# Task brief
All lines below containing "Polyclonal" are to be listed.

────────

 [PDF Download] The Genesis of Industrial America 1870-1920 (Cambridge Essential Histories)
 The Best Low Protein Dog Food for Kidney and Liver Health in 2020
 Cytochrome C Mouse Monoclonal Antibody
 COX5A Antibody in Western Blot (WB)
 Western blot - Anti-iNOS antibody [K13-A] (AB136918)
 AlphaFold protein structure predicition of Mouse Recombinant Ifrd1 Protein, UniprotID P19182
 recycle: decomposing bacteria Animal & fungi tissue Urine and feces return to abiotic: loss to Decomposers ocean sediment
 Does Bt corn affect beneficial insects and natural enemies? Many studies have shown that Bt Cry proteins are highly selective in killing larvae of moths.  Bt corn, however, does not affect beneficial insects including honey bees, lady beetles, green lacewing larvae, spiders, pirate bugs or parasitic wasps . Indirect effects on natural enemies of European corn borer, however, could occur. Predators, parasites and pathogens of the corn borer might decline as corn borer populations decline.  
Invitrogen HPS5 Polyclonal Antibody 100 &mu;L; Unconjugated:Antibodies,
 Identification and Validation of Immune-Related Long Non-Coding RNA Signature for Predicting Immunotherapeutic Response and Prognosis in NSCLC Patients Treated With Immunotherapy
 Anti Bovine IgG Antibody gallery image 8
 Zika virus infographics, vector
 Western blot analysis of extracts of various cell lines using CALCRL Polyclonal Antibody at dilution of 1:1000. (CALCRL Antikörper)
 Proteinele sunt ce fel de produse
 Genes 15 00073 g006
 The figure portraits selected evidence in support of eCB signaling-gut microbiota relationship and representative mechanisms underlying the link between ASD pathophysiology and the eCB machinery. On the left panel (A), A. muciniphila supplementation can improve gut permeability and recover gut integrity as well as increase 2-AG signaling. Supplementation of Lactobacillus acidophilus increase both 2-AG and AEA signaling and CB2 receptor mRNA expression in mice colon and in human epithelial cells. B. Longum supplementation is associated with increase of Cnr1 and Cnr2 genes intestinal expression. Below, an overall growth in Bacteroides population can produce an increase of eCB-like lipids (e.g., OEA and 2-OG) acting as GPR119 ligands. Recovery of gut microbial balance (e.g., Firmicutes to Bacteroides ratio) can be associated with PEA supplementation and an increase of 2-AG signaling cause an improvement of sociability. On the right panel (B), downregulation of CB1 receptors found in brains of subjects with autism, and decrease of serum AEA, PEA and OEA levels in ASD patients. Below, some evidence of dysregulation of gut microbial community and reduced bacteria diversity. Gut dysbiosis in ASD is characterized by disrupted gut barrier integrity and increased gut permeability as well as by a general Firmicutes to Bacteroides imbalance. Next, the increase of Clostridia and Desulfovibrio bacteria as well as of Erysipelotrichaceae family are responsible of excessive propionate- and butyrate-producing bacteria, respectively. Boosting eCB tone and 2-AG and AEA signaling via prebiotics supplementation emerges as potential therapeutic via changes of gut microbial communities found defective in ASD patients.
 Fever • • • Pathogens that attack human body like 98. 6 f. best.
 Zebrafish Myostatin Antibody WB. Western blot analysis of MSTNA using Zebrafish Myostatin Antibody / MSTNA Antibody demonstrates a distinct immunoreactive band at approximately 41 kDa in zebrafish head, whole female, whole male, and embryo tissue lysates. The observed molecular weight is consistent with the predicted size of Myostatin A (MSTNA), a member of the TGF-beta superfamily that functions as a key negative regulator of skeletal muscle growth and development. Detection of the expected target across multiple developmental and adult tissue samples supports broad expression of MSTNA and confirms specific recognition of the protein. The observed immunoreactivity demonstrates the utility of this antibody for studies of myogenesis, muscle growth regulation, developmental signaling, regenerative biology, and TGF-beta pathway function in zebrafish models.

────────

# Exercise response
Invitrogen HPS5 Polyclonal Antibody 100 &mu;L; Unconjugated:Antibodies,
 Western blot analysis of extracts of various cell lines using CALCRL Polyclonal Antibody at dilution of 1:1000. (CALCRL Antikörper)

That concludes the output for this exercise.